It's high noon for the Federal Housing Administration-insured home loan program as various factions of Congress and the Bush administration prepare for a shootout over its future.

The popular FHA program, which last year accounted for roughly one in seven mortgage originations nationwide, carries lower down payment requirements than privately insured mortgage programs.

But practically everyone agrees on the need to do something to stem losses in the FHA mutual mortgage insurance fund, which insures low down payment mortgages for single-family homes and condominiums.

The objective is to reverse the trend that saw the fund's worth drop

to $2.6 billion last year from $8 billion in 1980. At that rate, the fund would become insolvent within 10 years, according to an actuarial study released in June.

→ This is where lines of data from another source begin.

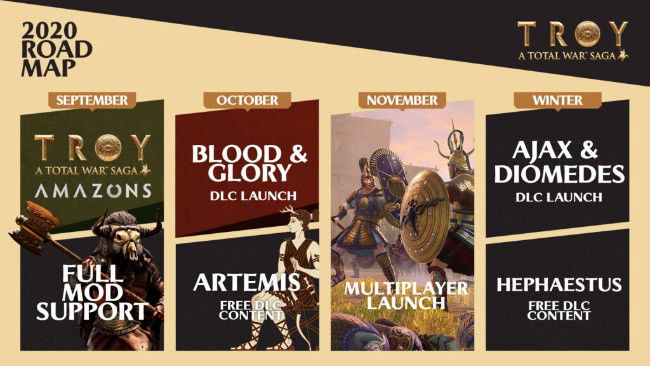 Troy Total War Roadmap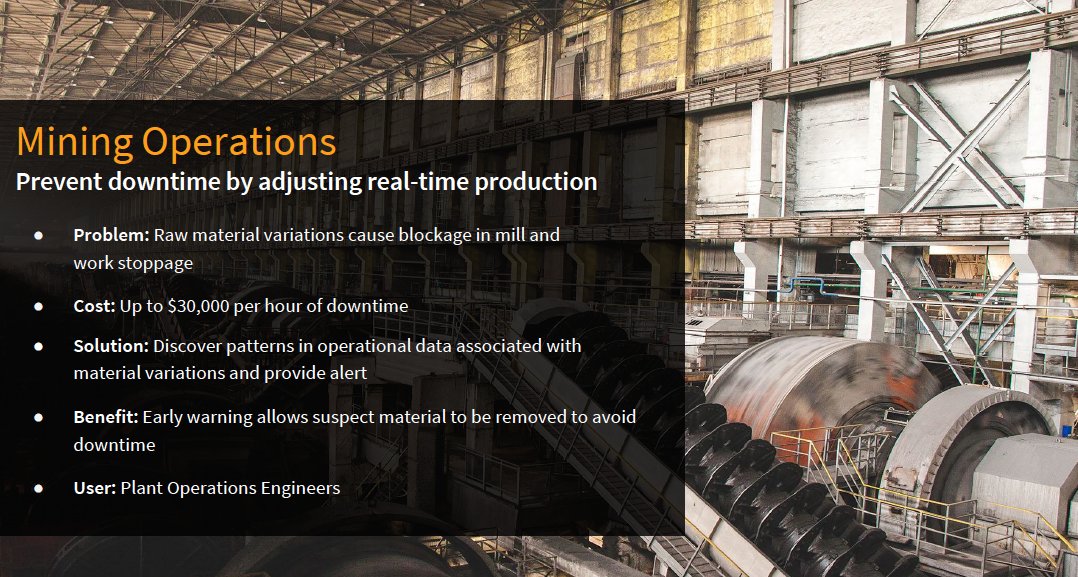 falkonry's tweet image. #OperationalMachineLearning playing a vital role in multiple industries. Learn how #Falkonry prevents downtime by adjusting real-time production for #Mining bit.ly/2QFTnp4 #MachineLearning #PredictiveAnalytics #CaseStudies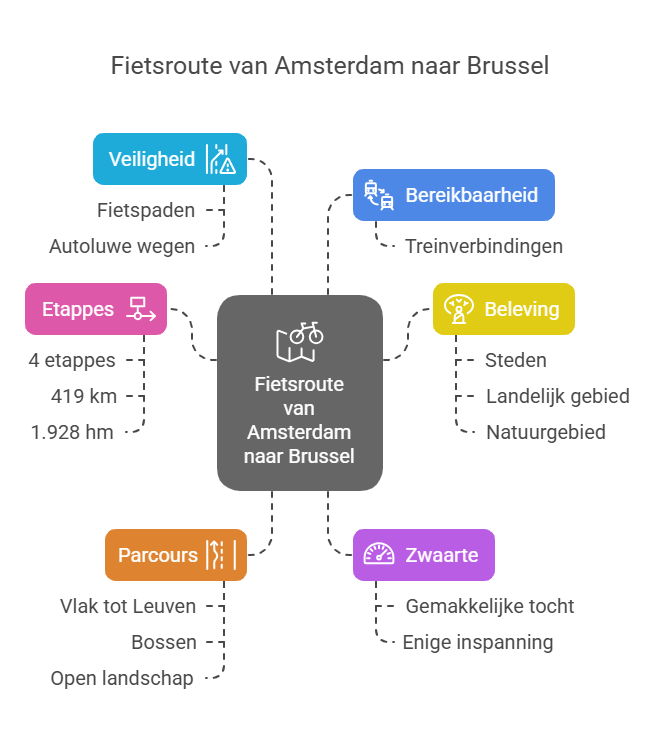 Infographic about the cycling route from Amsterdam to Brussels, detailing safety, accessibility, stages, experience, course, and difficulty.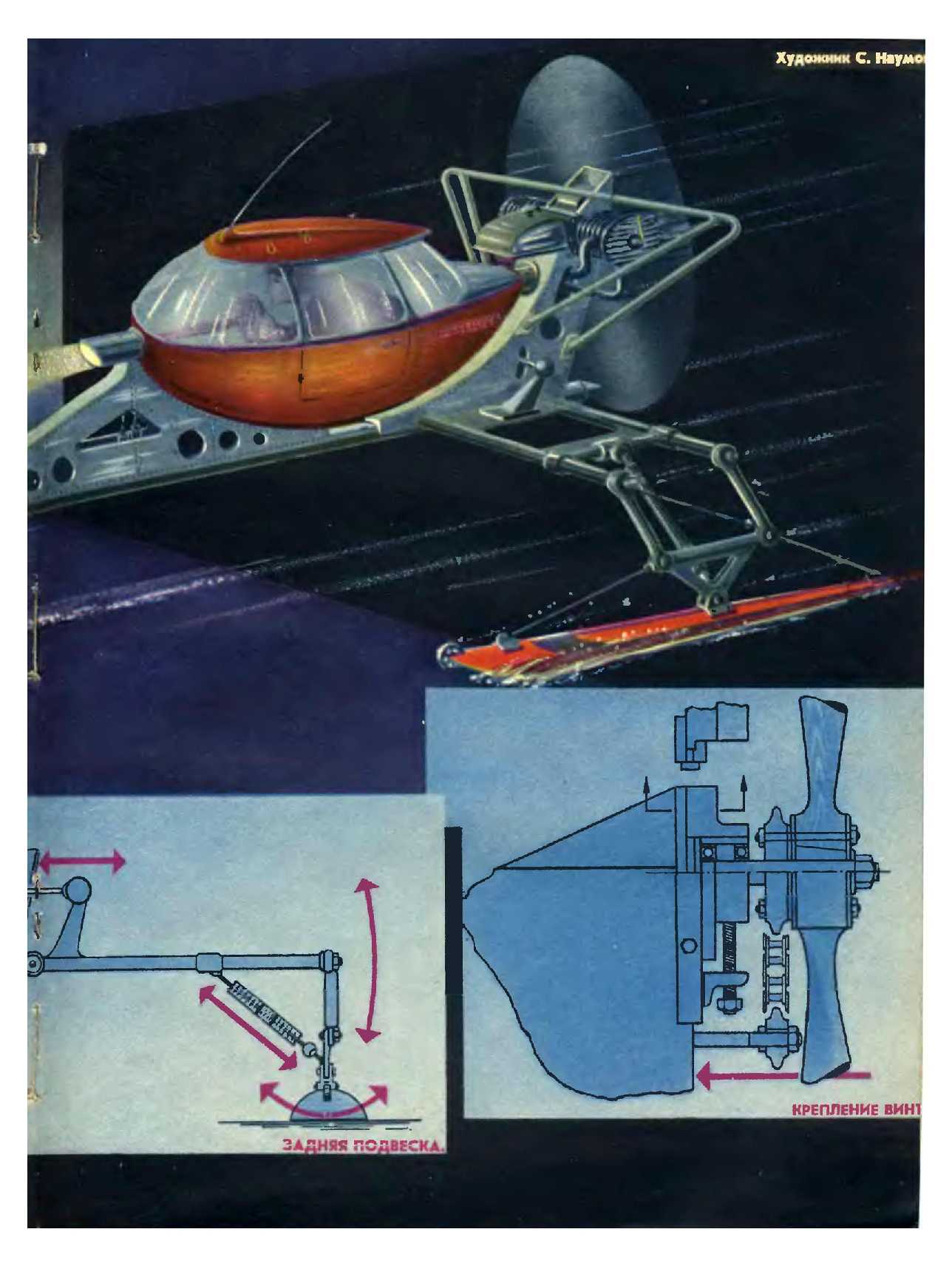 ЮМК 8, 1964, вкл. 3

However, the warring blocs have different cures in mind.

The competing plans differ in regard to which FHA borrowers should shoulder proposed price increases for the default insurance and in regard to the amount of money a presumably cash-strapped buyer has to bring to the closing table.

A lot is riding on the FHA debate because it threatens to hold up approval of more comprehensive housing legislation in which the FHA provision is contained. The larger housing bill also covers such matters as a new low-income housing construction program and preservation of existing subsidized housing from the threat of mortgage prepayments by private owners.

After two weeks of sporadic meetings, a House-Senate conference committee is now scrambling to reach a compromise for the full Congress to approve before adjourning at the end of next week.

On one side, the Senate and the Department of Housing and Urban Development teamed up in June to push through a plan that retains the current upfront insurance premium of 3.8 percent of the mortgage amount. It levies a new 0.5 percent annual risk premium against borrowers making less than a 10 percent down payment. The lower the down payment, the longer the borrower pays the annual premium, up to a maximum of 15 years.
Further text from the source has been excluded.